The task:
For this exercise, copy exactly every line from the one holding "Haveone-Maglia girocollo misto" through the end of the data, both included. Omit pictures.

(Image-text web data)
__________________________________________________
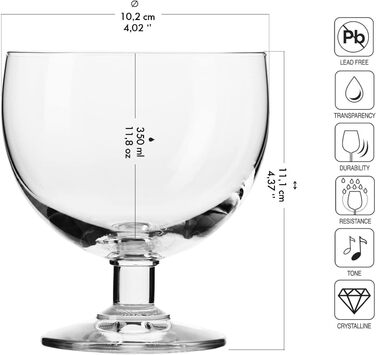 Набір креманок для мороженого 6 шт. 350 мл Krosno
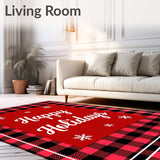 Yuletide Front Porch Decorative Checkered Entrance(Red)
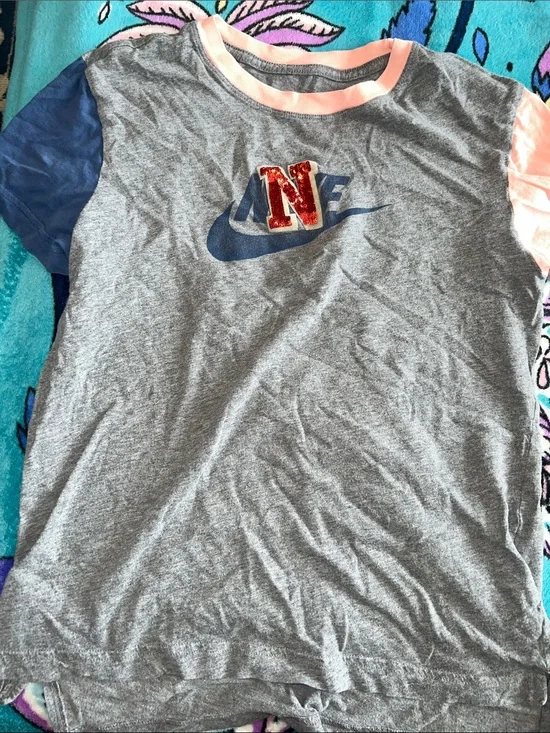 Nike Girls XL with Blue Swoosh and Pink Trim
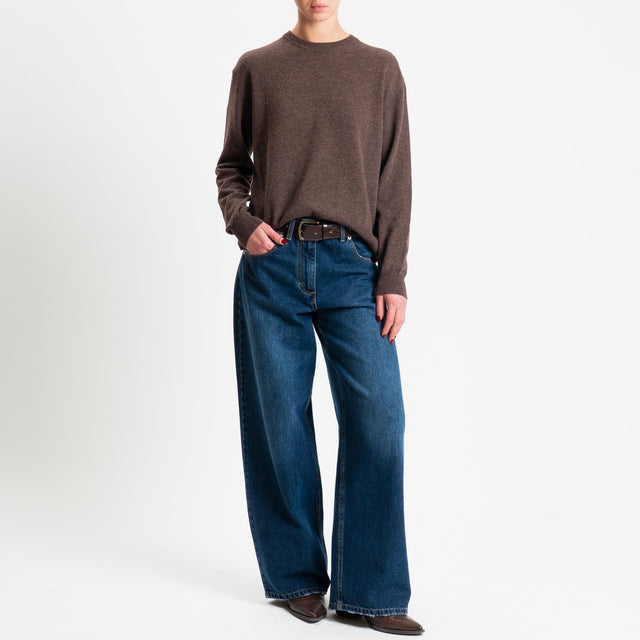 Haveone-Maglia girocollo misto lana - moro melange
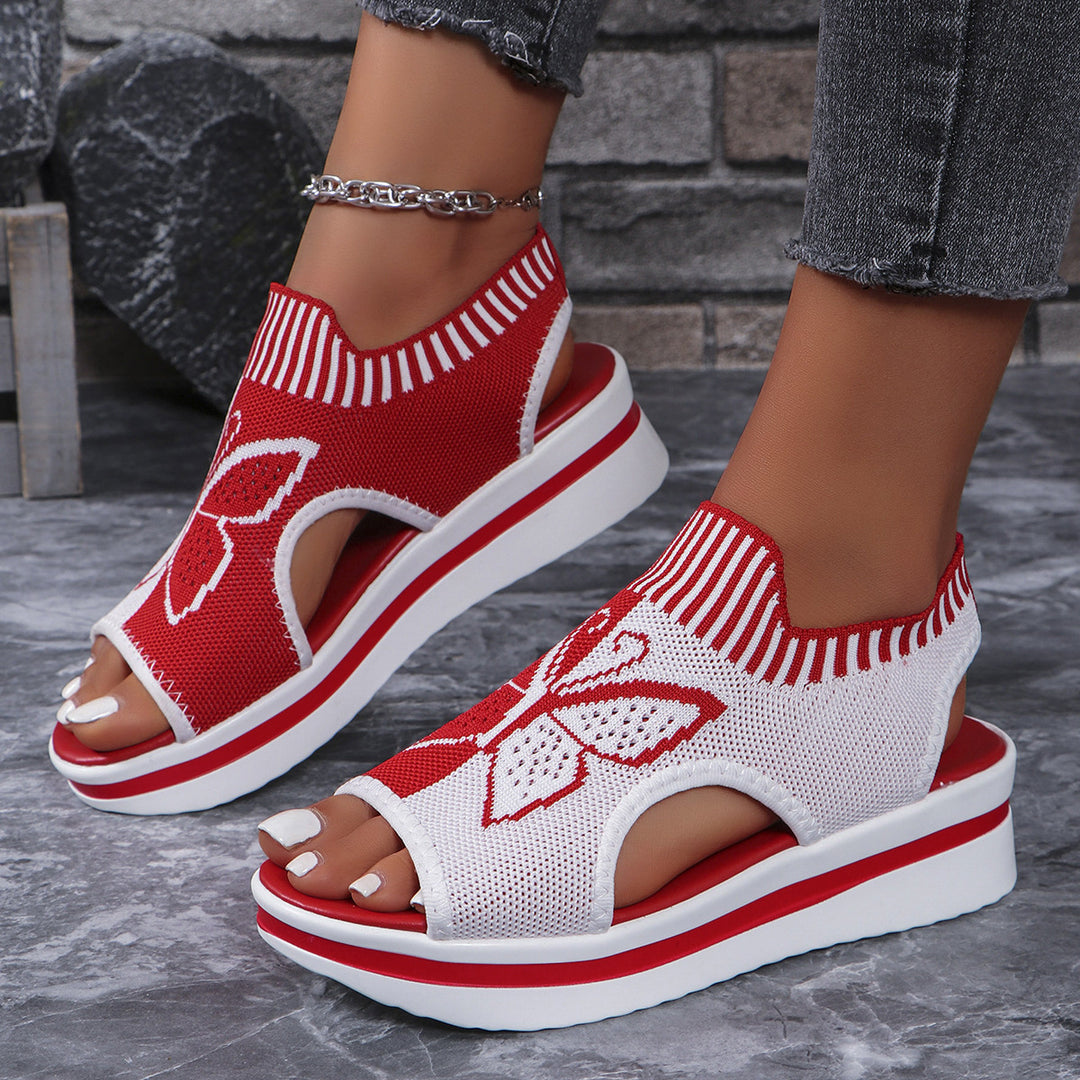Dame sportsandaler med moderigtigt sommerfugledesign og skridsikker sål Stilla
__________________________________________________
Answer to this problem:
 Haveone-Maglia girocollo misto lana - moro melange
Dame sportsandaler med moderigtigt sommerfugledesign og skridsikker sål Stilla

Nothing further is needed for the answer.